Me miró entonces, realmente me miró, y el contacto visual fue físico, casi tangible. Como si pudiera ver a través de mi disfraz de chica normal hasta el desastre judicial que era realmente, y en lugar de retroceder, se inclinaba más cerca.

—Inercia —dijo simplemente—. Cobardía disfrazada de compromiso. La misma razón por la que la gente se queda en trabajos que odia, en ciudades que los asfixian, en versiones de sí mismos que dejaron de encajar hace años. Es más fácil seguir el guion conocido que improvisar uno nuevo donde no sabes si eres el héroe o el villano o simplemente un personaje secundario buscando su propia narrativa.

Hizo una pausa, bebió otra vez, sus ojos nunca dejando los míos.

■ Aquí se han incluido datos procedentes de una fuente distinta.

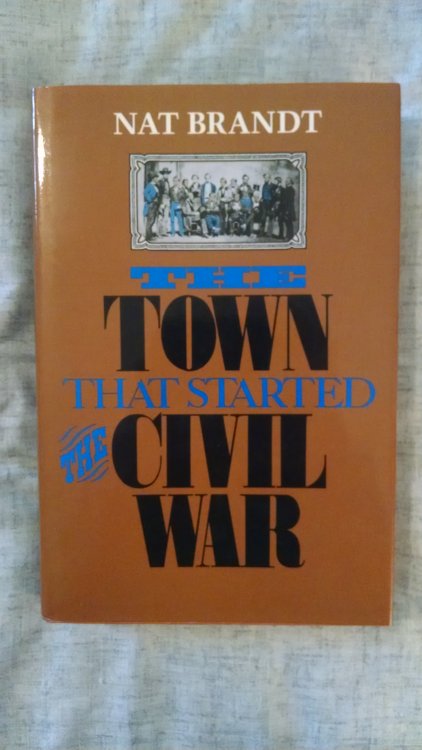 THE TOWN THAT STARTED THE CIVIL WAR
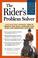 Cover of: The rider's problem solver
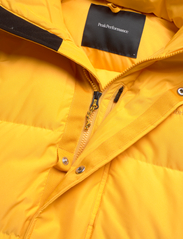 Peak Performance - M 2L Down Parka - talvitakit - pure gold - 2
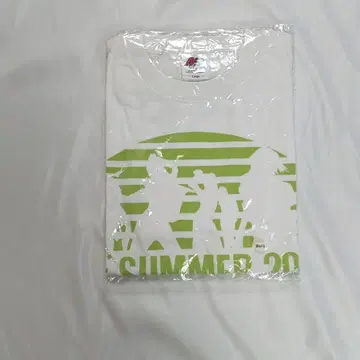 TRF SUMMER 2006 T셔츠 미사용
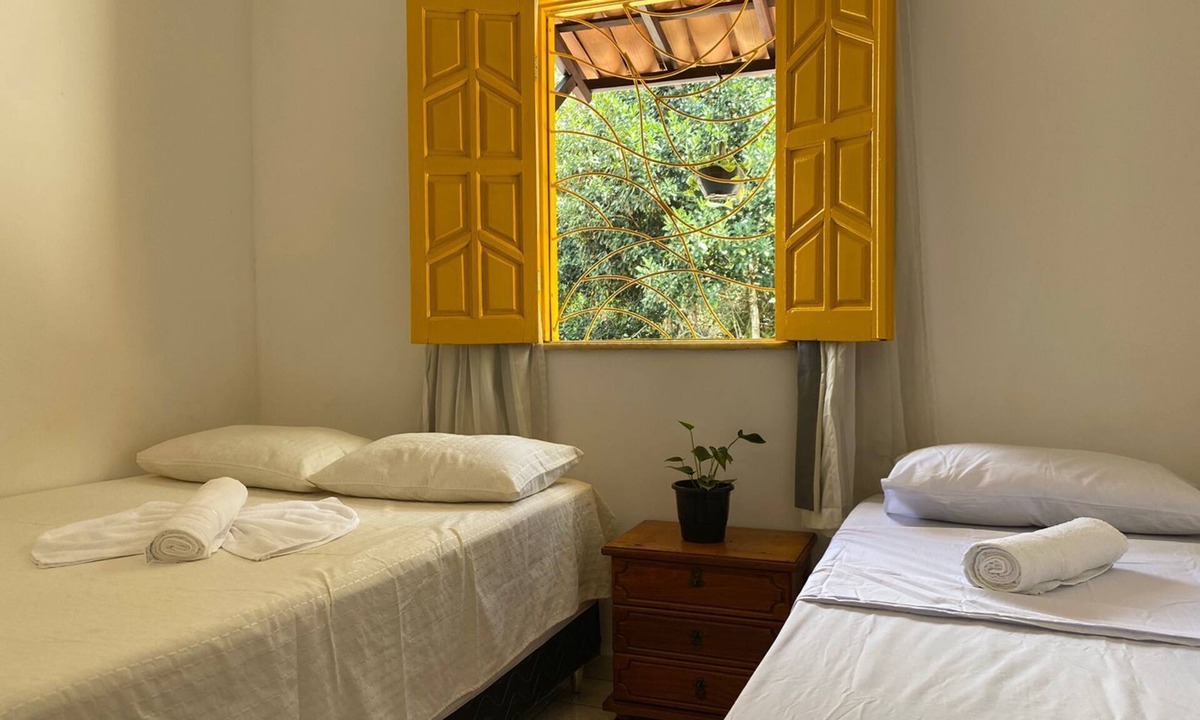 Lencois Hotel | Pousada Canto dos Passaros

—Hasta que un día —su sonrisa volvió, tímida pero genuina, vulnerable de maneras que me hacían querer protegerla y destruirla simultáneamente— alguien te lanza un libro de Derecho Romano a la cara—metafóricamente, aunque casi literalmente—y te recuerda que escalar estanterías es más divertido que seguir el guion. Que el caos es más honesto que la perfección ensayada. Que tal vez ser un desastre con alguien es mejor que ser perfecto solo.

El aire entre nosotros se cargó de electricidad no regulada, de posibilidades que no habían sido aprobadas por ningún comité de ética.

La banda, en un momento de piedad cósmica o incompetencia musical, comenzó a tocar algo lento y melancólico. Algo que casi podría llamarse romántico si inclinabas la cabeza y entrecerrabas los ojos y bebías lo suficiente para que tus estándares musicales se volvieran más flexibles.